A une époque, un joueur a bien eu droit à sa statue en dessous de la curva du stade Artemio Franchi et ce joueur c’est Gabriel Omar Batistuta. L’Argentin aux cheveux longs, qui tirait ses pénaltys en force et qui fêtait ses buts en mimant une mitraillette, a passé 9 saisons à Florence en y claquant plus de 150 buts. Nul doute possible, tous ces buts ont été inscrits avec la rage de marquer qui caractérisait si bien Batigol. Sa statue a toutefois mystérieusement disparu lorsqu’il annonça son intention de quitter Florence à contrecœur pour rejoindre un club pouvant lui amener des titres. C’est ce qu’il fit en 2001 en rejoignant l’AS Rome avec laquelle il gagna un scudetto. En inscrivant l’unique but de la partie entre Rome et la Viola, le Roi Lion (son autre surnom) fondit en larmes, presque dégoûté d’avoir marqué contre « son » équipe. Un vrai mythe et pas seulement pour les supporters de la Fiorentina. L’autre joueur élevé au rang de Dieu à Florence est un joueur qui a terminé sa carrière à Lausanne à la fin des années 80, Giancarlo Antognoni. Une véritable idole de la Fio dans les années 70 et 80.
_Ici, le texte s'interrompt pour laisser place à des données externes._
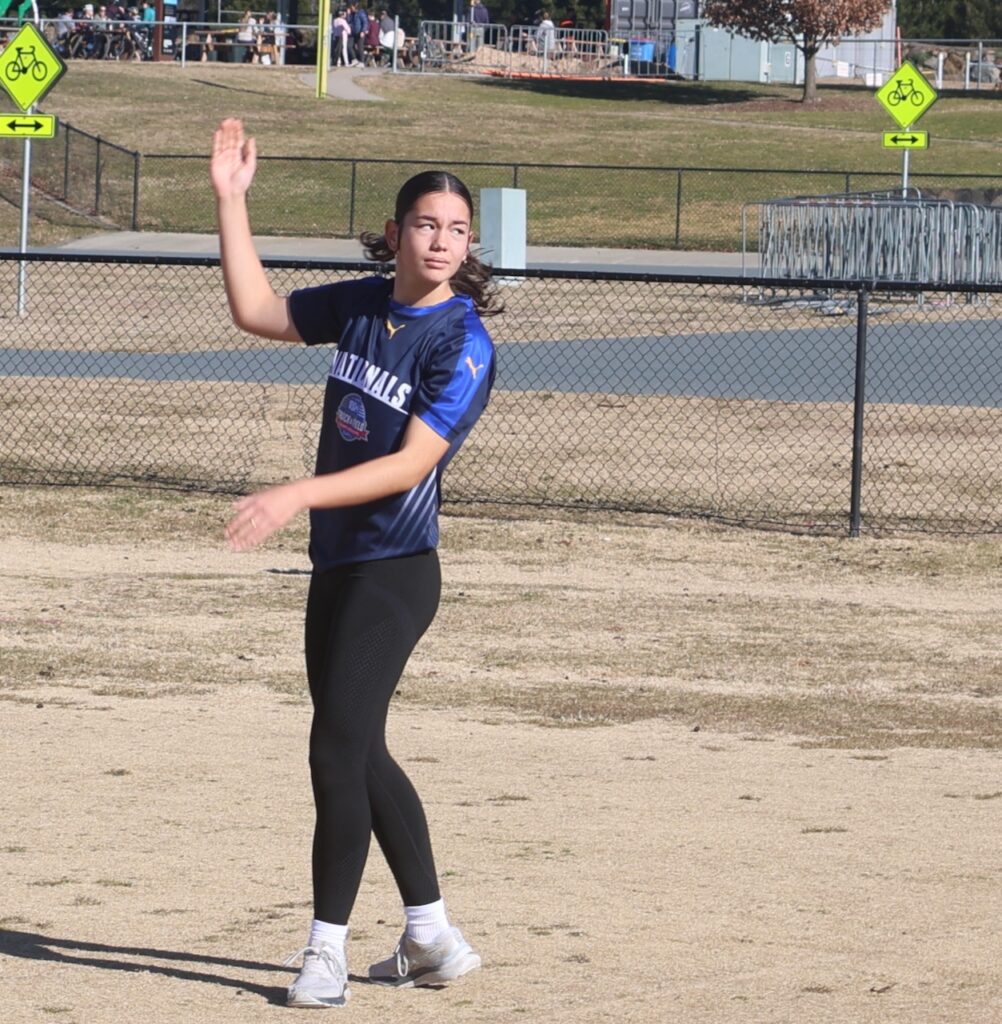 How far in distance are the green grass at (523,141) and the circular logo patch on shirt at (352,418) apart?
30984 millimetres

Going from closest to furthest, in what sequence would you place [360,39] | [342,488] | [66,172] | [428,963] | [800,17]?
[342,488] < [428,963] < [66,172] < [800,17] < [360,39]

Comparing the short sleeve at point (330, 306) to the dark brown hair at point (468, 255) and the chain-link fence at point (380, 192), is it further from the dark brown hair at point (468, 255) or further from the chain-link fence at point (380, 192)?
the chain-link fence at point (380, 192)

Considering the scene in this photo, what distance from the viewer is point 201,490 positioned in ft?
42.8

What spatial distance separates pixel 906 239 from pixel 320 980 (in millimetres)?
21298

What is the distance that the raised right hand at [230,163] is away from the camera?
174 inches

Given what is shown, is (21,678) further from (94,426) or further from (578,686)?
(94,426)

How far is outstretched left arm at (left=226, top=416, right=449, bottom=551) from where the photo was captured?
12.4 ft

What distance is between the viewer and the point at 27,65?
21.5 m

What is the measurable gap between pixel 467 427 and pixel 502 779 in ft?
8.65

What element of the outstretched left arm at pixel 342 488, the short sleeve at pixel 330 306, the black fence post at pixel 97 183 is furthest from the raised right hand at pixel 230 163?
the black fence post at pixel 97 183

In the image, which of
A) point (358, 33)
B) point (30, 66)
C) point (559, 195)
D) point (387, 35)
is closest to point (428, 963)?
point (30, 66)

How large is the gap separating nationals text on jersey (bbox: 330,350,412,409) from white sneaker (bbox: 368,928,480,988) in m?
1.31

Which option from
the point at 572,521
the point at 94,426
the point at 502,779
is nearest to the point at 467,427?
the point at 502,779

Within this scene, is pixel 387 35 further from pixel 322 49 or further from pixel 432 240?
pixel 432 240
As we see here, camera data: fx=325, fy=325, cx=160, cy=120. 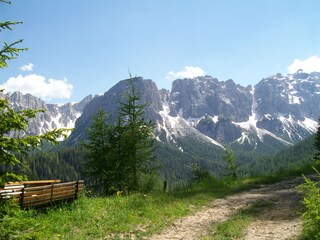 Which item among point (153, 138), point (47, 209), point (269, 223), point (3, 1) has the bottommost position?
point (269, 223)

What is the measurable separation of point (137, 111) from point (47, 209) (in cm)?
1522

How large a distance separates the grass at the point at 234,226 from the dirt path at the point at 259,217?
10.9 inches

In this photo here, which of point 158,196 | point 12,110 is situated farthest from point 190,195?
point 12,110

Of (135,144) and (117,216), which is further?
(135,144)

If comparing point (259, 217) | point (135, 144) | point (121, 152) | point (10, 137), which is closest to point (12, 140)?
point (10, 137)

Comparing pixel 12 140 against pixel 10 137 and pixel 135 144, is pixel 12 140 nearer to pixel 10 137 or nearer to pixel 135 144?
pixel 10 137

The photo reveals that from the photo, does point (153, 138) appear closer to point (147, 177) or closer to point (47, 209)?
point (147, 177)

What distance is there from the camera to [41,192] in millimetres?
15086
Batigol bientôt jugé pour avoir tué des dizaines de spectateurs en fêtant ses buts?

Le joueur qui a joué pour le club mais qui se ferait balancer des tomates à la gueule s’il osait revenir :

Le problème avec la Fiorentina est que la plupart des grands joueurs finissent toujours par partir pour un club nourrissant de plus grandes ambitions. Lorsque ce club se trouve être la Juve, cela provoque un scandale parmi les tifosi viola. A ce titre, un transfert est resté particulièrement gravé dans les mémoires. En 1990, Roberto Baggio est considéré depuis quelques années comme une véritable idole à Florence, en passe de devenir un Dieu. En fin de saison, lorsque son transfert est annoncé du côté de la Juve pour un montant record, les supporters le prennent très mal. De plus, ce transfert intervient dans le contexte d’une finale de coupe UEFA perdue face aux bianconeri. Cette annonce déclencha de véritables émeutes en ville de Florence, obligeant la police à intervenir. Presque une année plus tard, Baggio ramène son mulet au stade Artemio Franchi. Un retour qui fait craindre le pire. La rencontre se déroule sous les sifflets et les huées à l’encontre du traître, des objets en tout genre volent depuis les tribunes. Probablement touché par ce traitement, l’ancienne idole du peuple florentin semble à côté de ses pompes et la Viola mène 1-0 à la mi-temps suite à un but de Diego Fuser. Et puis en début de deuxième mi-temps Baggio obtient un penalty qu’il refuse de tirer. Remplacé à quelques minutes du terme de la rencontre, il codino ramasse, parmi les objets qu’on lui lance dessus, une écharpe de son ancien club et se met à applaudir le public florentin. Un applaudissement que certains tifosi lui rendent en partie, mais pour d’autres il demeure un traître. Ah et pour la petite histoire, De Agostini a manqué le penalty et la Viola s’est imposée 1-0 ce jour-là. Un match qu’on aurait pu classer dans la catégorie qui va suivre.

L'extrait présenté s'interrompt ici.